Now, Hill is putting her words into action by launching an organization dedicated to getting young women, and young people in general, into the halls of political power. The group, called Her Time, released its mission statement Thursday, pledging to “support women and young people—often the long-shot candidates who have the vision and drive needed to make lasting systemic change—who don’t yet have the resources that come with being a proven or established politician,” the Hill reports.
🎉We are officially launching HER Time! 🎉@KatieHill4CA started this organization with the mission to elect women and young people. It is time to break through those final glass ceilings, one crack at a time.

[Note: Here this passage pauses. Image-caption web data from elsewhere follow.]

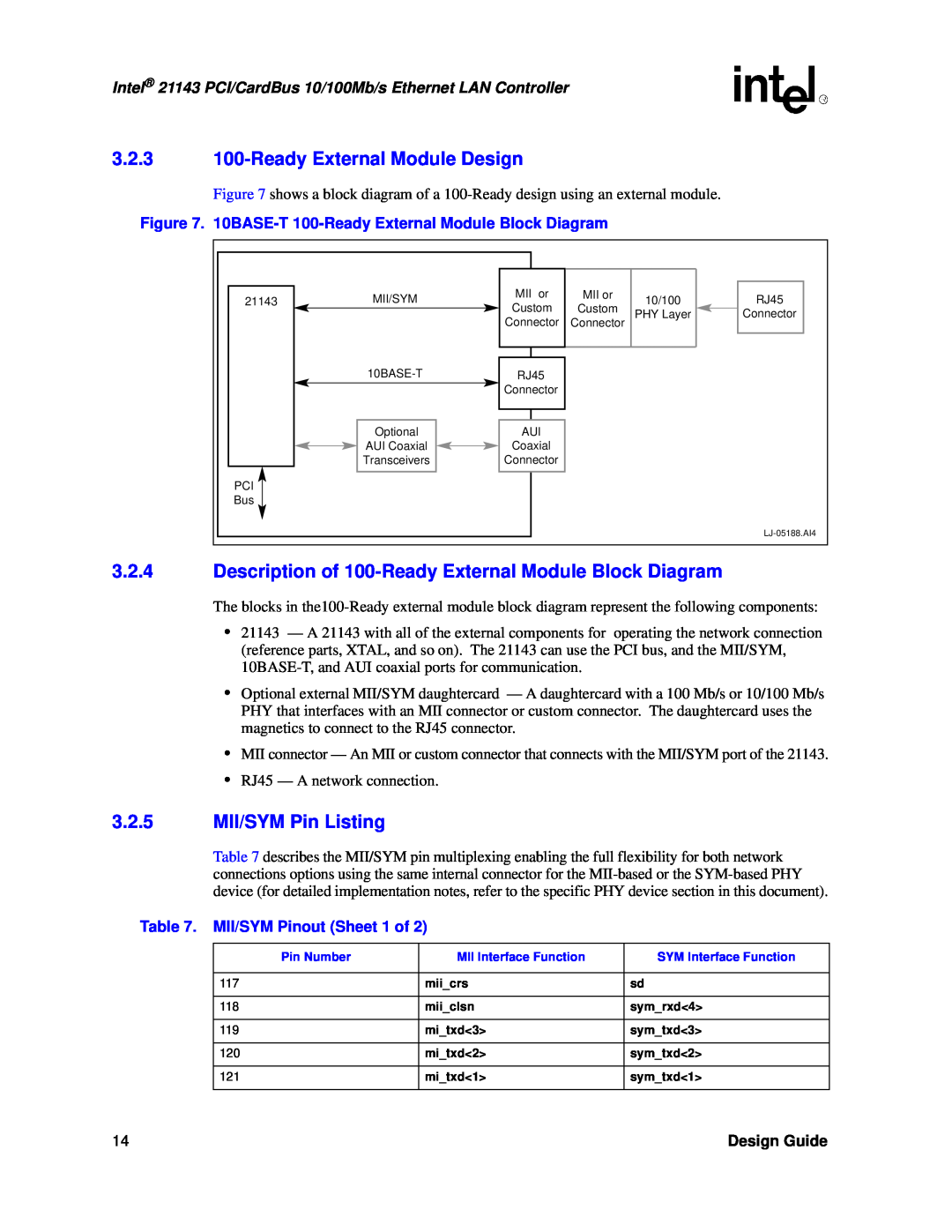 Intel 21143 3.2.3 100-Ready External Module Design, Description of 100-Ready External Module Block Diagram, Design Guide 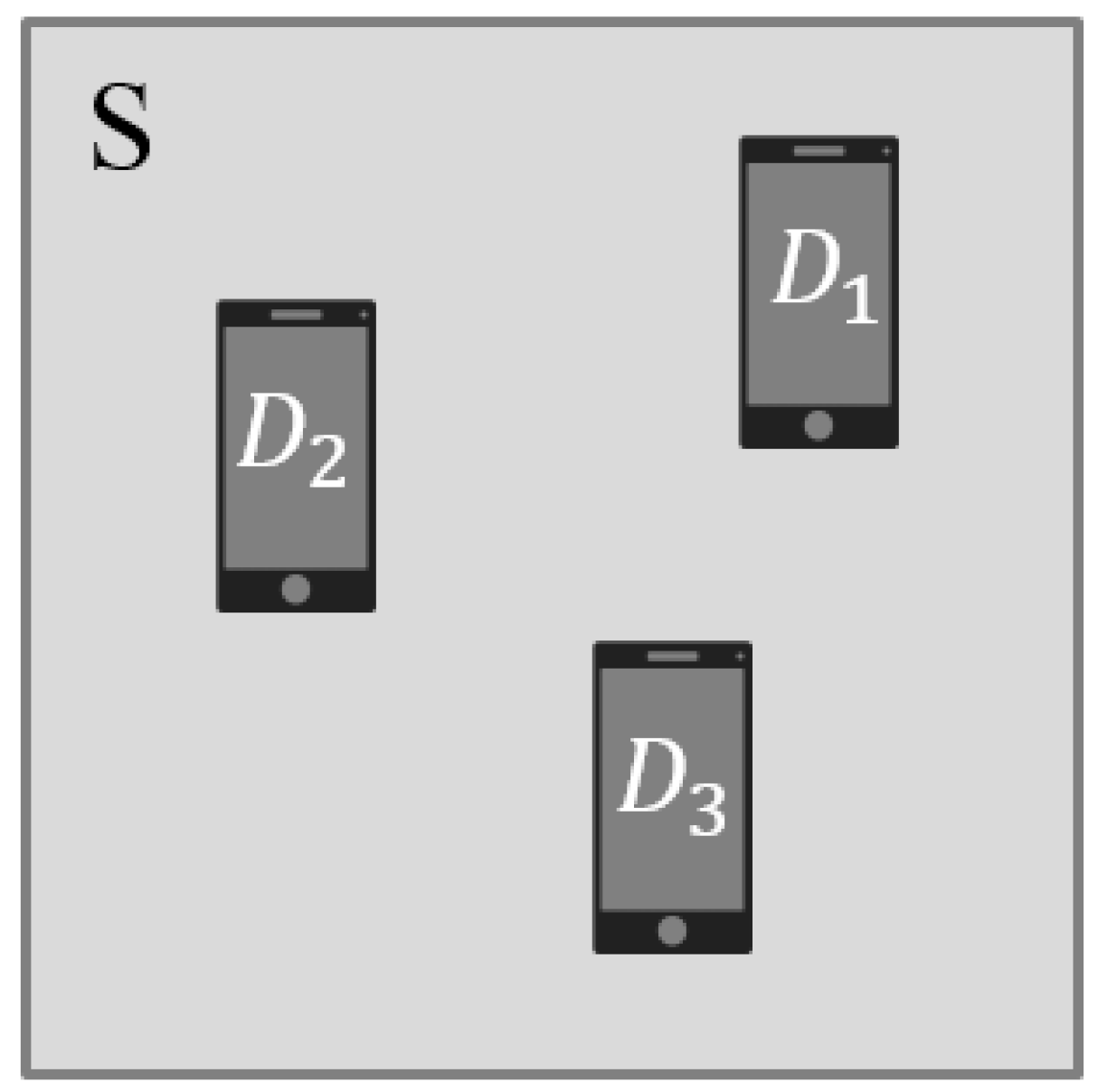 Ijgi 09 00074 g003 Ijgi 09 00074 g003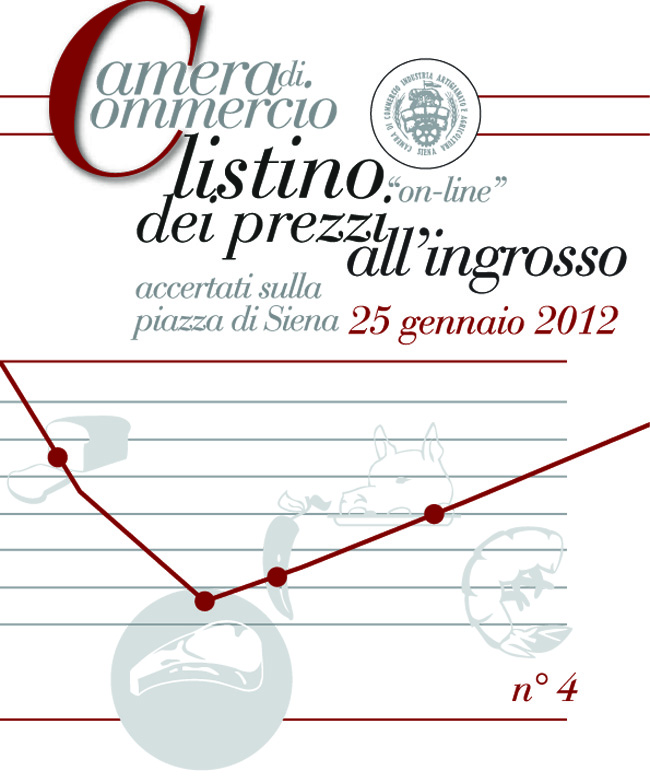 I prezzi all’ingrosso sulla piazza di Siena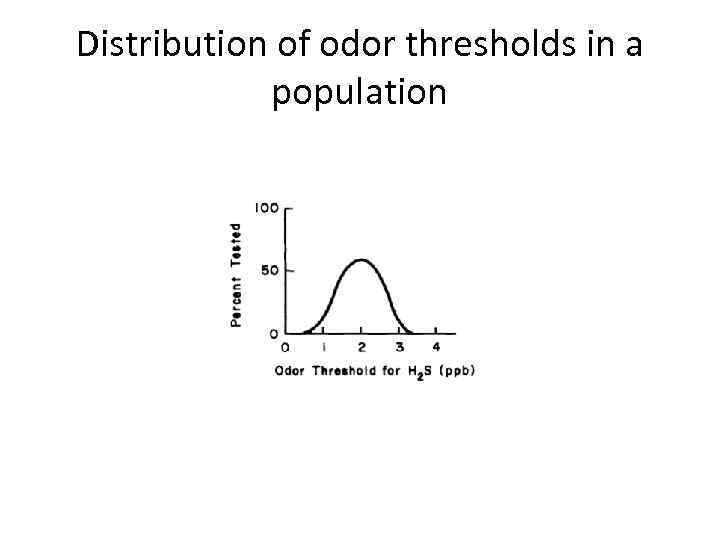 Distribution of odor thresholds in a population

Head to https://t.co/EoPpmgbabw and sign up for updates! pic.twitter.com/3d2Wi8y5dQ
— HER Time (@hertime2020) February 20, 2020
Thirty-two-year-old Hill, the first-ever openly bisexual member of the House, came from nowhere to wrest California’s 25th Congressional District from Republican hands for the first time in two decades in 2018. She says she founded Her Time to “mobilize and support a generation of young women and allies to help them break through those final glass ceilings, one crack at a time—so we can once and for all claim our own power by voting, getting involved in politics, and running for office.”
In her resignation speech, Hill excoriated Congress’ “double standard” because many male members maintain their status despite being accused of sexual misconduct.
“What happened to me was horrific, and it was a harsh reminder of how women in power and politics still have so far to go and so much to overcome,” she writes. “Her Time’s work—my work—is to ensure that my experience never deters other young women from running for office and getting engaged, and instead does the opposite.”
On March 3, voters in CA-25 will pick a candidate to complete Hill’s two-year term.